## Activity:
Where a picture appears, leave it out, and transcribe all the lines below exactly.

## Recorded data:
*** Block opens ***

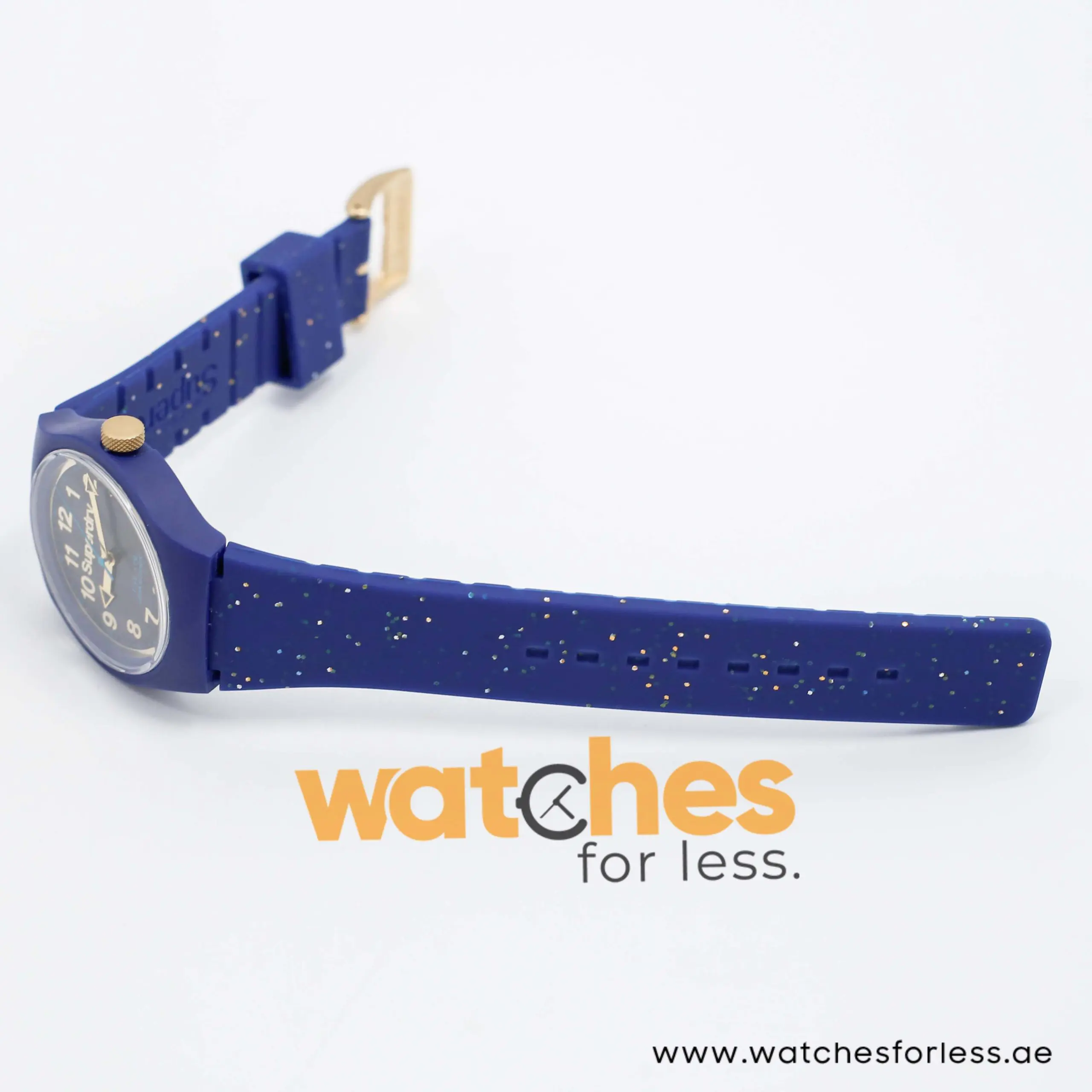 Superdry Women’s/Kids Quartz Navy Blue Silicone Strap Blue Dial 38mm Watch SYL167U - Image 5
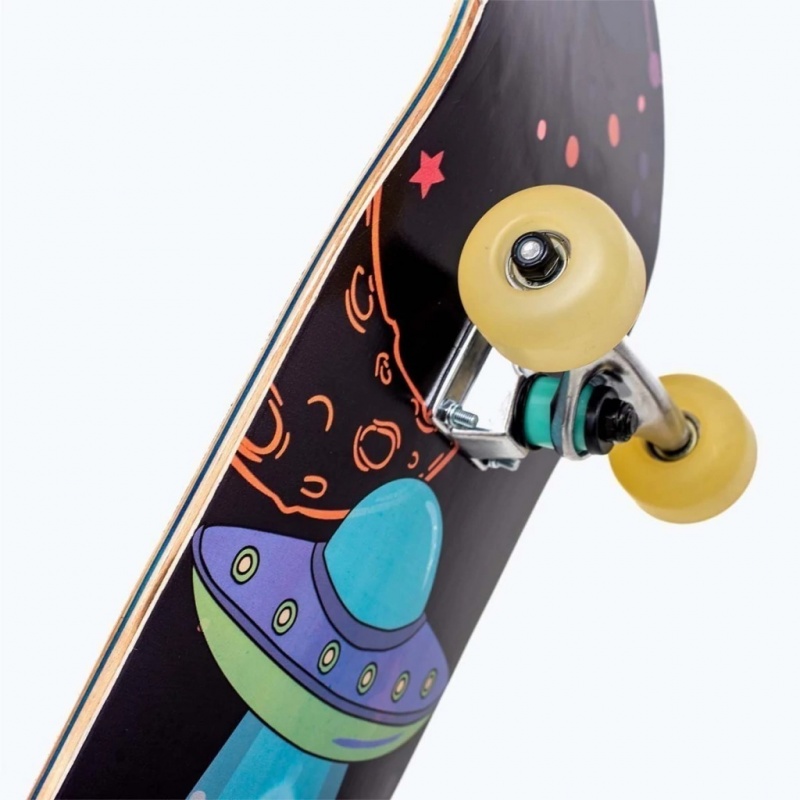 Skate Montado Hondar Ovni Com Kit Proteo Preto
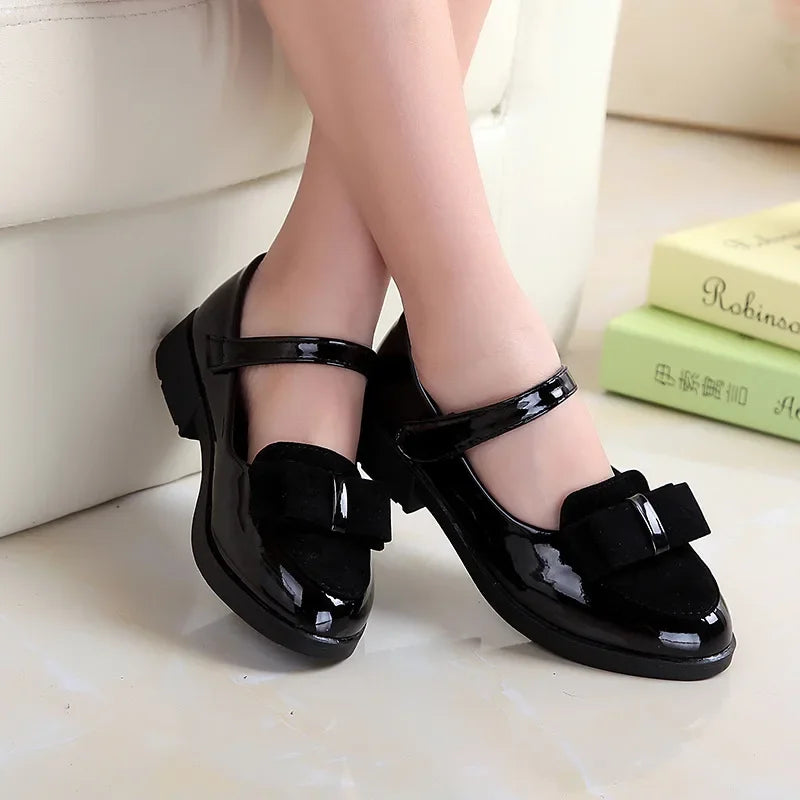Girls Bow Knot Mary Jane Flat Shoes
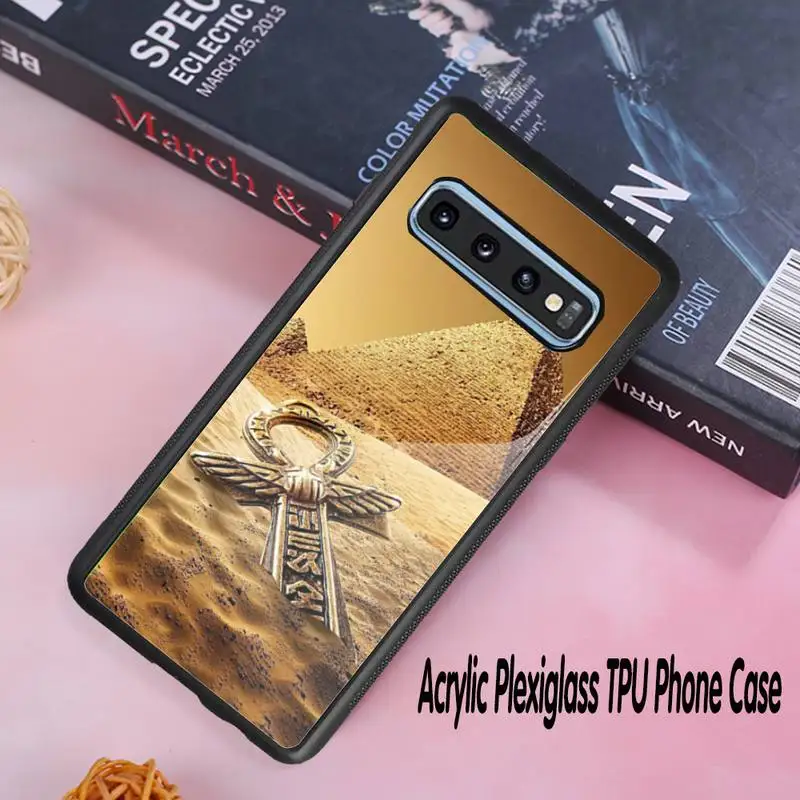

Ancient Egyptian culture Phone Case Acrylic Plexiglass TPU phone case For Samsung Galaxy S8 S9 S10 s10e S20 PLUS ULTRA S6edge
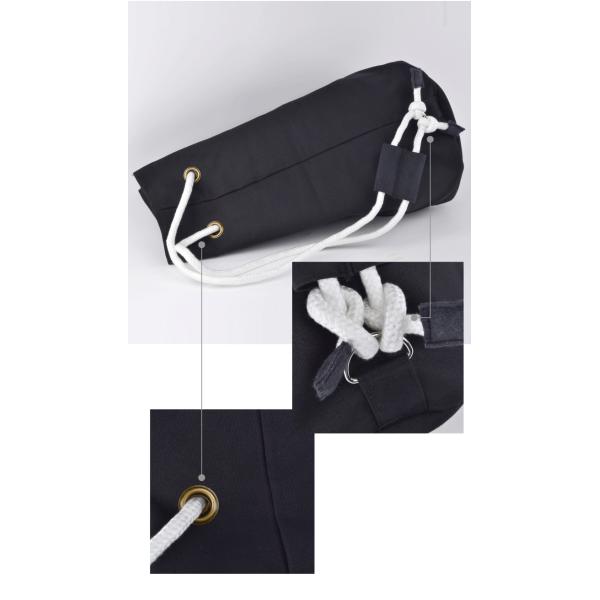 Large Capacity Canvas Sport Drawstring Bag Black Color 30 . 5 * 17 * 46CM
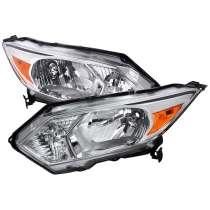 2016-2018 Honda HR-V Crystal Headlights w/ Amber Reflectors Chrome/Clear Lens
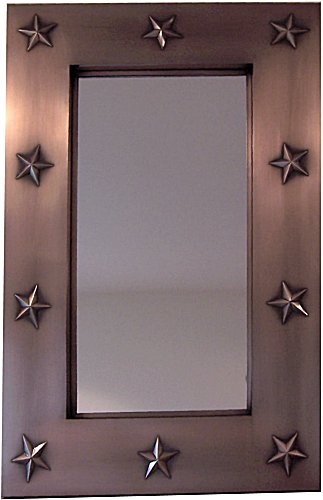 Antique Stars Tin Mirror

*** Block closes ***

## Solution below:
 Superdry Women’s/Kids Quartz Navy Blue Silicone Strap Blue Dial 38mm Watch SYL167U - Image 5
 Skate Montado Hondar Ovni Com Kit Proteo Preto
Girls Bow Knot Mary Jane Flat Shoes

Ancient Egyptian culture Phone Case Acrylic Plexiglass TPU phone case For Samsung Galaxy S8 S9 S10 s10e S20 PLUS ULTRA S6edge
 Large Capacity Canvas Sport Drawstring Bag Black Color 30 . 5 * 17 * 46CM
 2016-2018 Honda HR-V Crystal Headlights w/ Amber Reflectors Chrome/Clear Lens
 Antique Stars Tin Mirror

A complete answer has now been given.